Bu, tıpkı “doğru cevapları ezberleyen ama konuyu anlamayan öğrenci”ye benziyor.
Modern erkeklik artık bir vitrin gibi: görseli yüksek, ruhsalı düşük. Bunun altında yatan şey, çoğu zaman onay bağımlılığı ve değer görme açlığı.
Kendini değerli hissetmesi, karşısındaki kadının gözündeki yansımasına bağlı. O yüzden gerçek bağ kurmak değil, beğenilmek onun için önemli. Egosu onayla besleniyor.
Bir kadının ilgisini fark ettiğinde tavuskuşu gibi tüm renklerini açıyor. Bu yüzden Performatif Erkek, ilişkide genellikle “iyi başlayan ama derinleşemeyen” taraf. Başlangıçta büyülüyor, sonra yoruyor. Çünkü o ilişkiyi yaşamak değil, kurgulamak istiyor.
Performatif Erkek’in iç dünyasında genellikle “sevgi kazanmak için kimliğini şekillendirme” öyküsü vardır. Çocukken sevilmek için “uyumlu”, “tatlı”, “doğru” olmayı öğrenmiştir. Şimdi de kadın sevgisini kazanmak için benzer stratejiyi kullanır.
Ama paradoks şu: Sahte bir kimlikle kazanılan ilgi, gerçek sevgiyi hep eksik bırakır. Aslında mesele “hangi yeni erkek tipiyle mutlu olunur?” değil. Mesele: Hangisi gerçekten kendisi gibi? Eğer biri rol yapıyorsa, sonunda sahne ışıkları sönüyor.
İlişkilerde yeni sınav duygusal zekânın bir “gösteri sanatı”na dönüşüp dönüşmediği. Yoksa gerçekten erkeklerle birbirimizi duymaya mı başladık? Ben hâlâ ikinciye inanmak istiyorum.
Bu arada bence Louvre Müzesi soygununu Clarice Starling gibi biri çözer.

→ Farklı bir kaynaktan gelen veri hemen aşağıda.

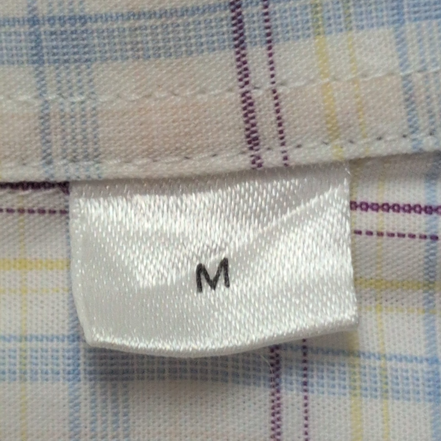 Chemise YVES SAINT LAURENT 100% Coton M Carreaux Logo Brodé Manches courtes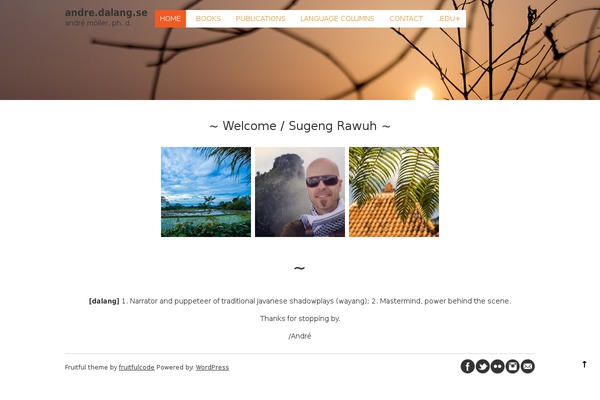 Fruitful theme site design template sample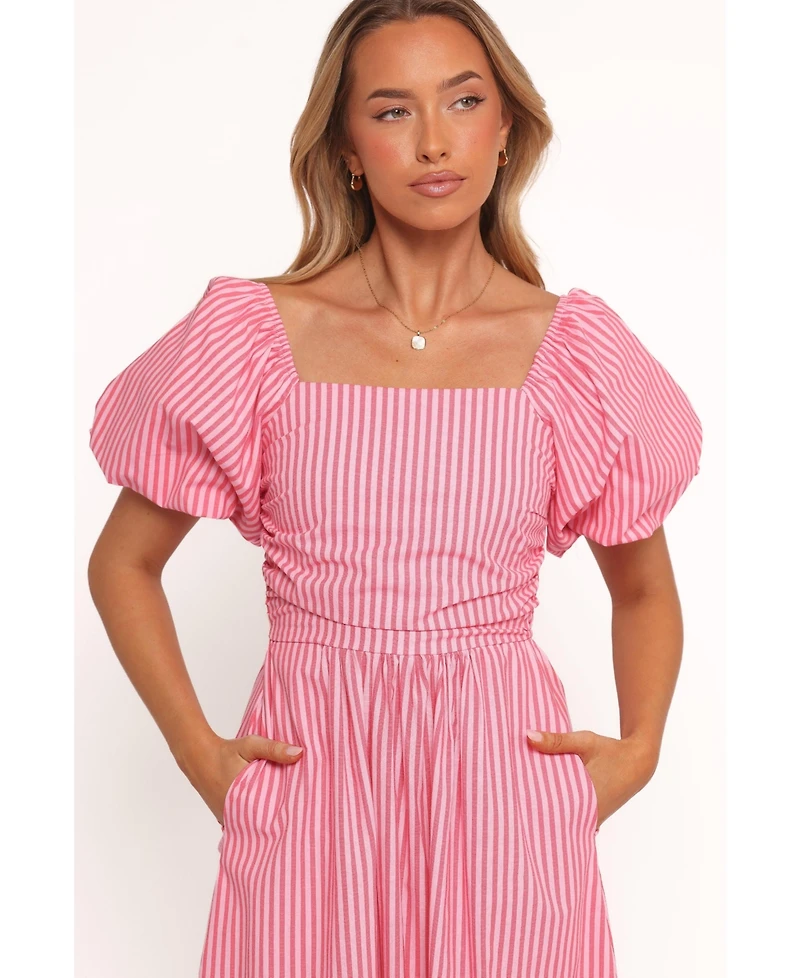 Petal and Pup Women's Chlo Puff Sleeve Midi Dress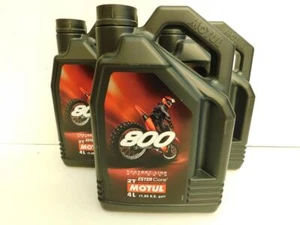 12,33€/l Motul 800 2T Off Road Factory Line  3 x 4 L  Ester Mischöl  - Afbeelding 1 van 1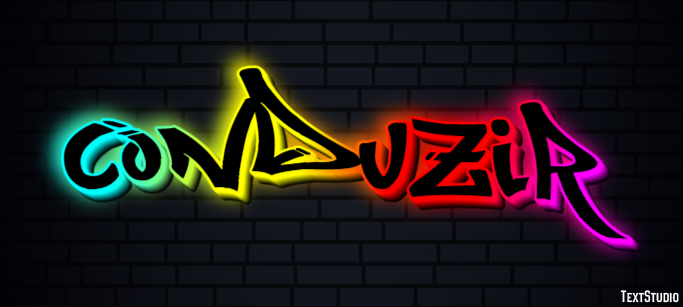 Conduzir テキスト効果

Hani Kuzuların Sessizliği’nde FBI ajanı vardı ya Hannibal Lecter ile ünlü vakaları çözen Jodie Foster’ın oynadığı karakter işte o!
Dapper’ı, Performatifi, Sakallısı, Pasallısı birlikte gelse bence bir Starling etmez! Çünkü Starling gibi zihin okuyan kadınlar sayesinde erkekler bu kadar bukalemunvari bir dönüşüm zahmetine giriyorlar. E izin verin de bu büyük hırsızlığı da böylesine empati yönü güçlü kadınlar çözsün.